Task to complete: Write out the opening lines of the data word for word, up to and including the line with "Mattisson Bourbon vanille", and leave every picture and every later line out.
(Records shown)
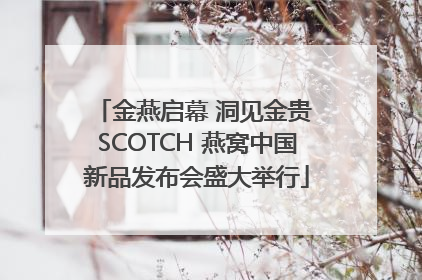 金燕启幕 洞见金贵 SCOTCH 燕窝中国新品发布会盛大举行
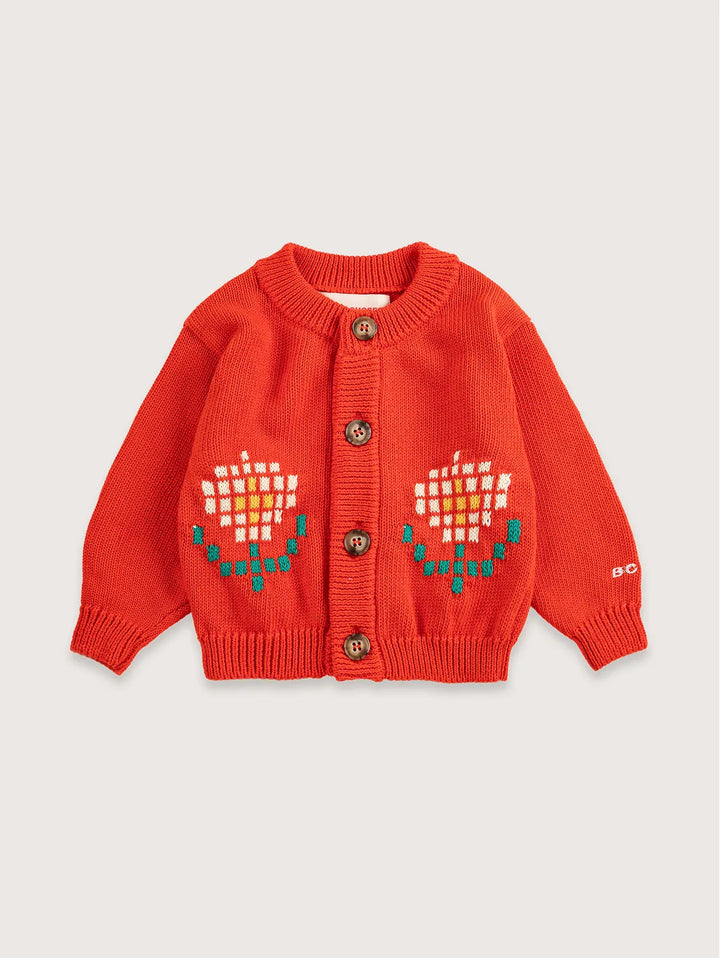 Pixel Daisy cardigan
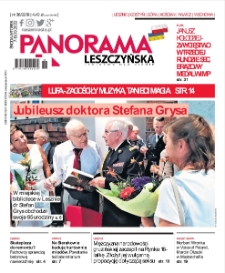 Panorama Leszczyńska 2022.09.07 R.44 Nr36(2219)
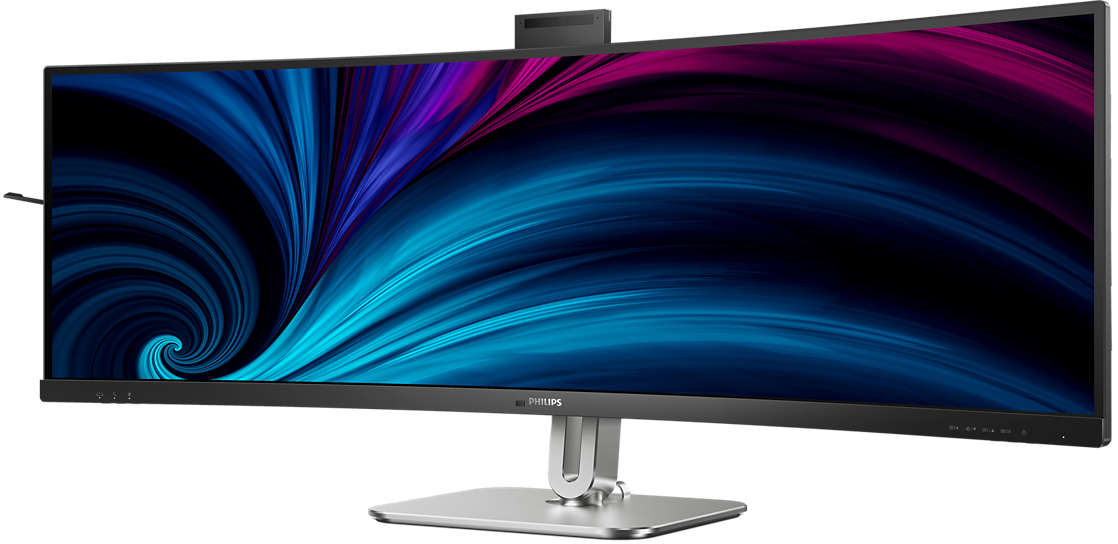 Philips - Monitor Curvo Philips Série 6000 49" 49B2U6900CH VA Dual-QHD 75Hz (PD100W) KVM C/Webcam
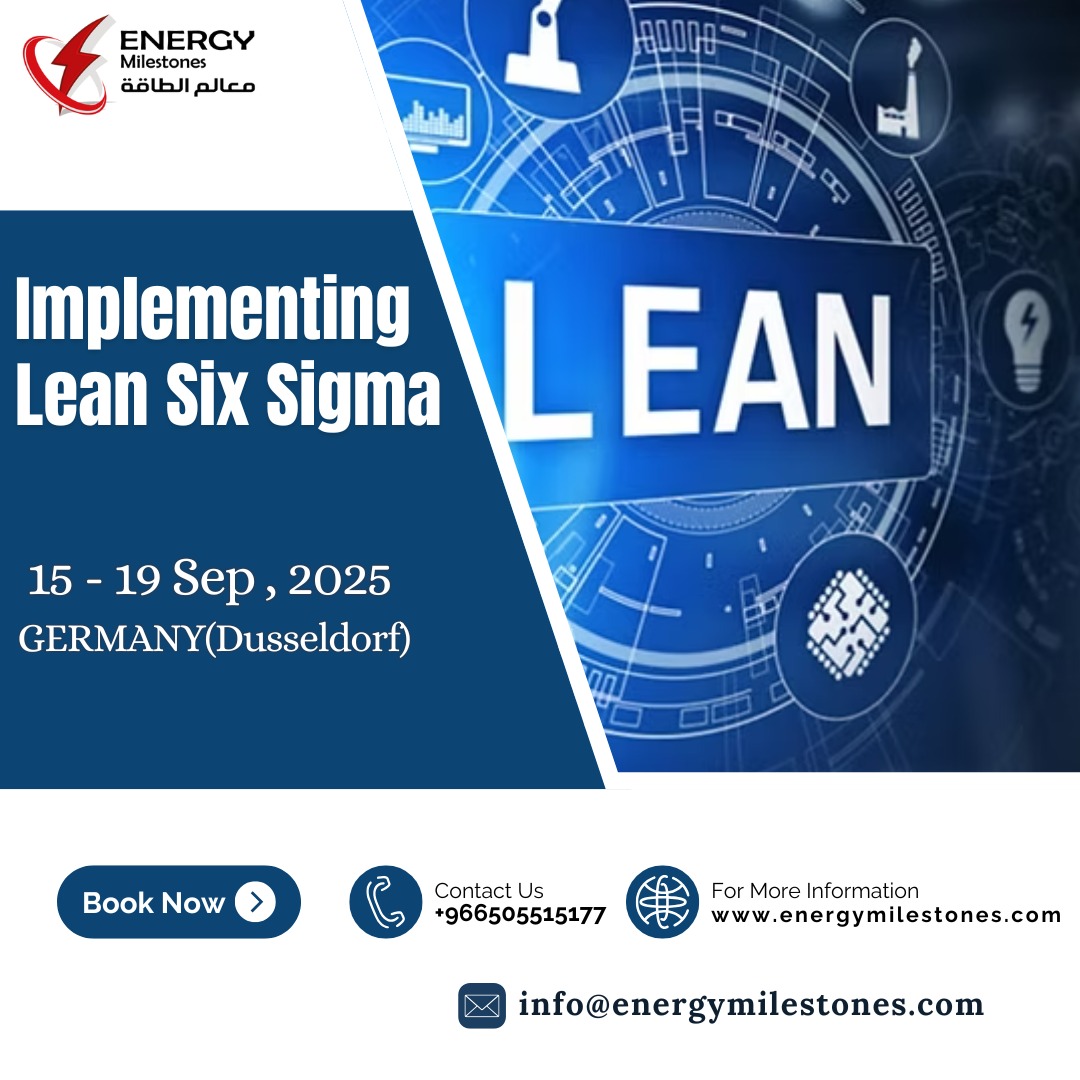 Implementing Lean Six Sigma
.....
https://2u.pw/bCcDiO
.....
#Energymilestones #Training #Training_center #Energymilestones #Corporation #Implementing #Lean #Six #Sigma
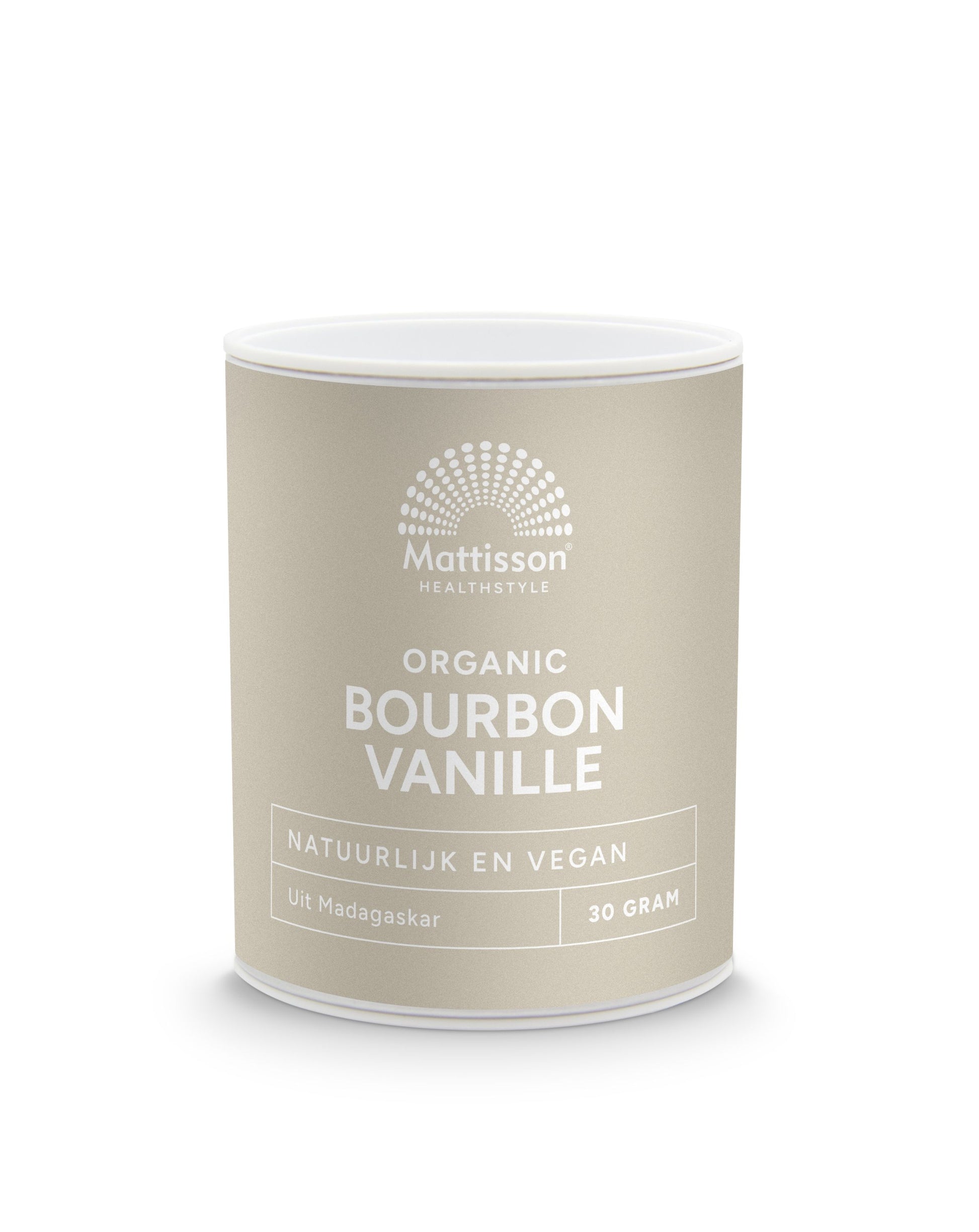 Mattisson Bourbon vanille poeder bio 30.00 Gram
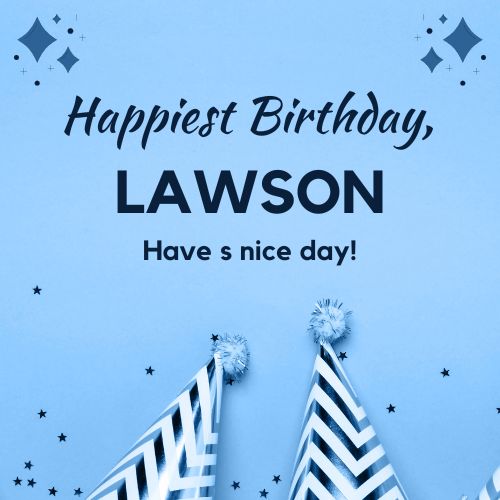 Happy Birthday Lawson Images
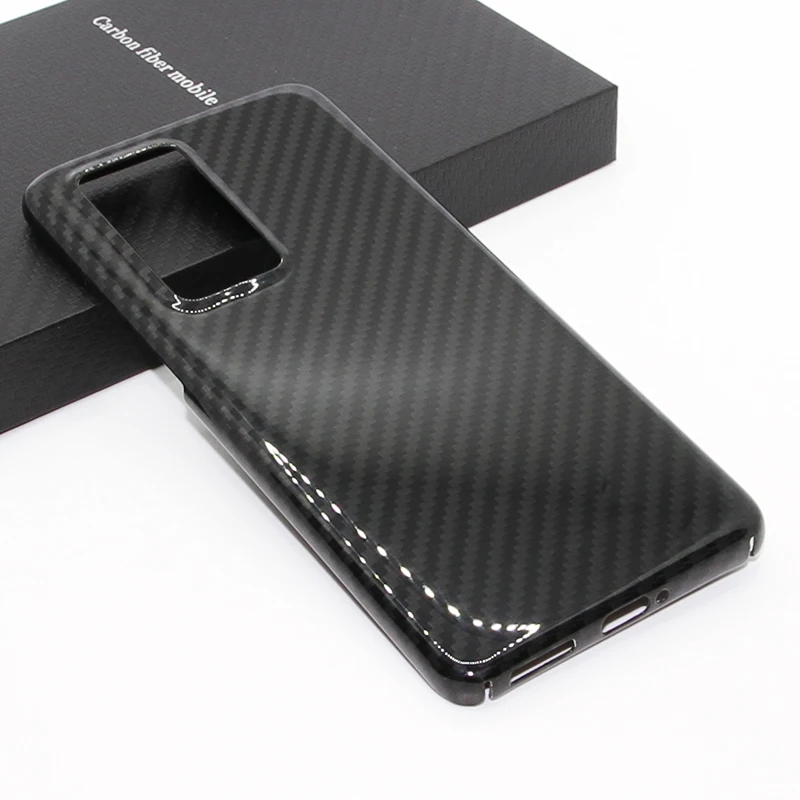 

CF skin Carbon fiber phone case for Huawei P40pro Huawei P40 Thin and light attributes Aramid fiber material case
(End Records shown)
Response to the exercise:
 金燕启幕 洞见金贵 SCOTCH 燕窝中国新品发布会盛大举行
 Pixel Daisy cardigan
 Panorama Leszczyńska 2022.09.07 R.44 Nr36(2219)
 Philips - Monitor Curvo Philips Série 6000 49" 49B2U6900CH VA Dual-QHD 75Hz (PD100W) KVM C/Webcam
 Implementing Lean Six Sigma
.....
https://2u.pw/bCcDiO
.....
#Energymilestones #Training #Training_center #Energymilestones #Corporation #Implementing #Lean #Six #Sigma
 Mattisson Bourbon vanille poeder bio 30.00 Gram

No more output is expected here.